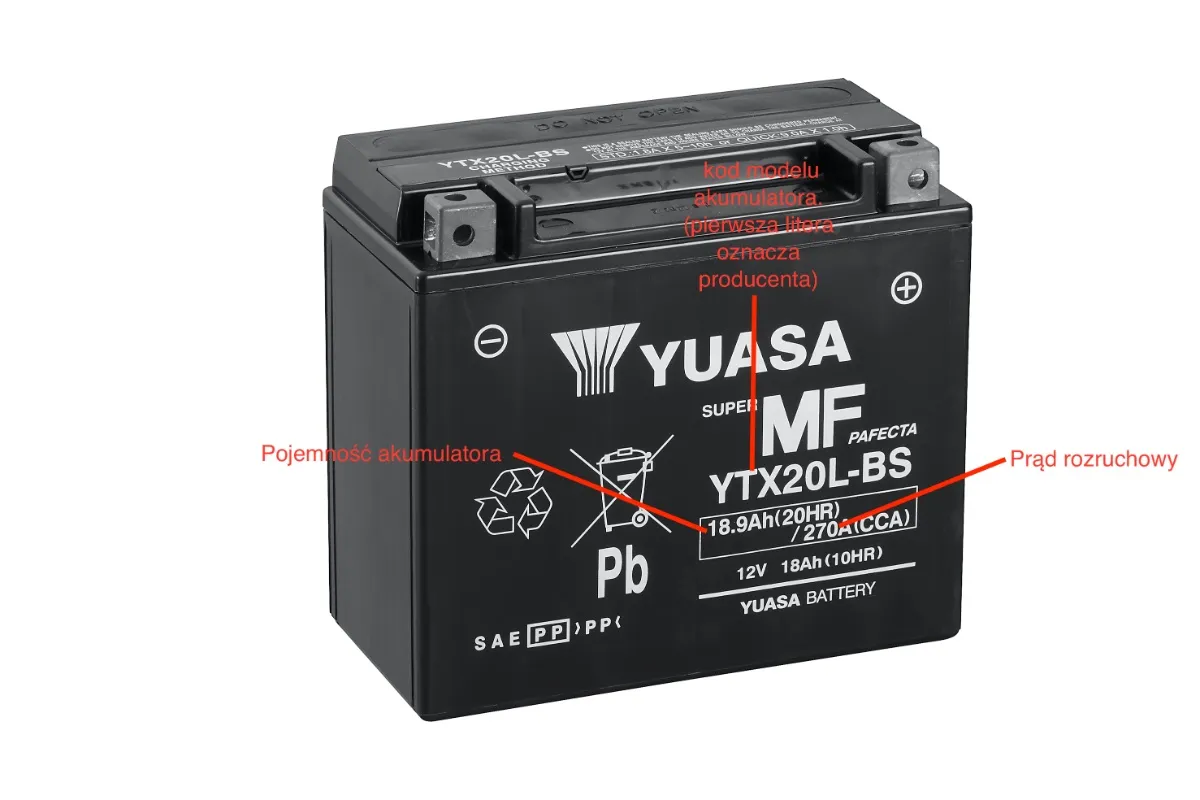 oznaczenia typ&oacute;w akumulator&oacute;w motocyklowych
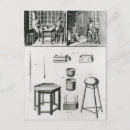 Zoek naar encyclopedie briefkaarten 18th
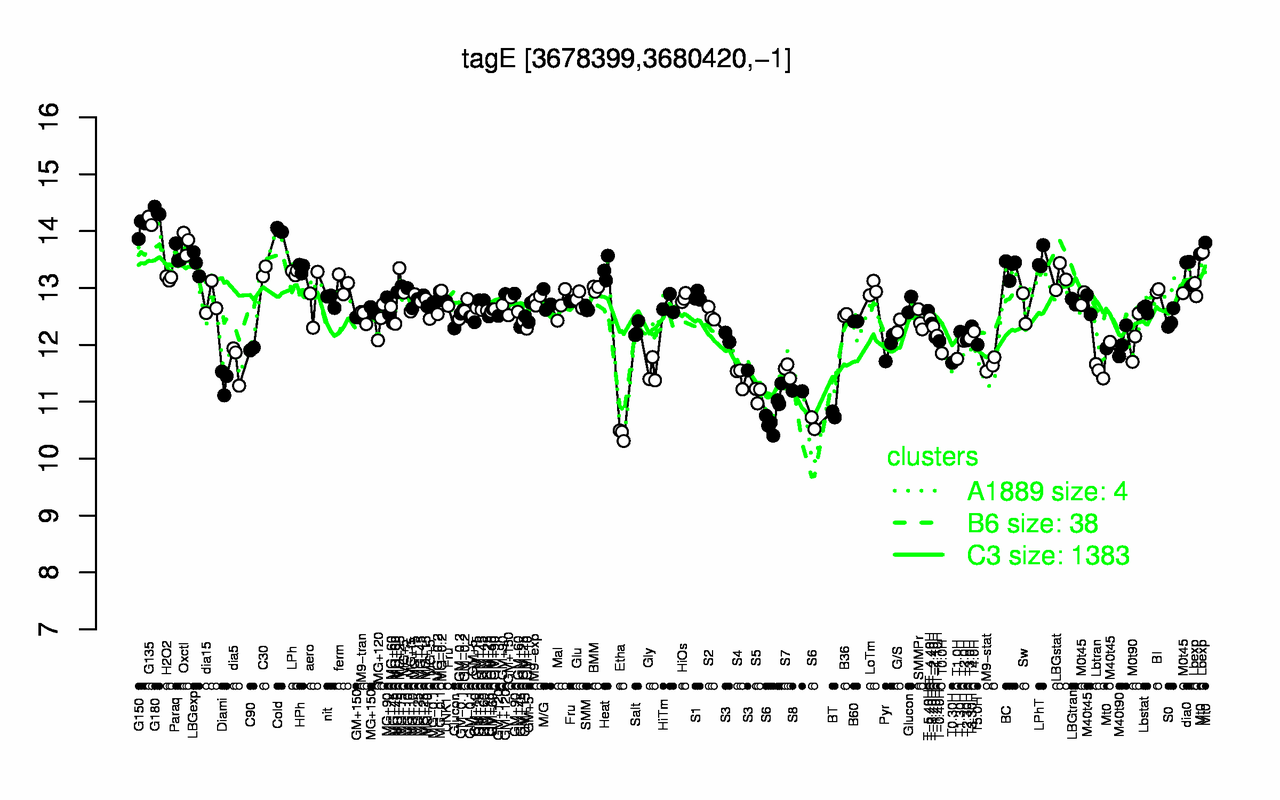 Graph of expression data for this gene.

● ● ●

WORK TO COMPLETE: Line for line, retype the material exactly, omitting any pictures.

SOLVED EXERCISE:
 oznaczenia typ&oacute;w akumulator&oacute;w motocyklowych
 Zoek naar encyclopedie briefkaarten 18th
 Graph of expression data for this gene.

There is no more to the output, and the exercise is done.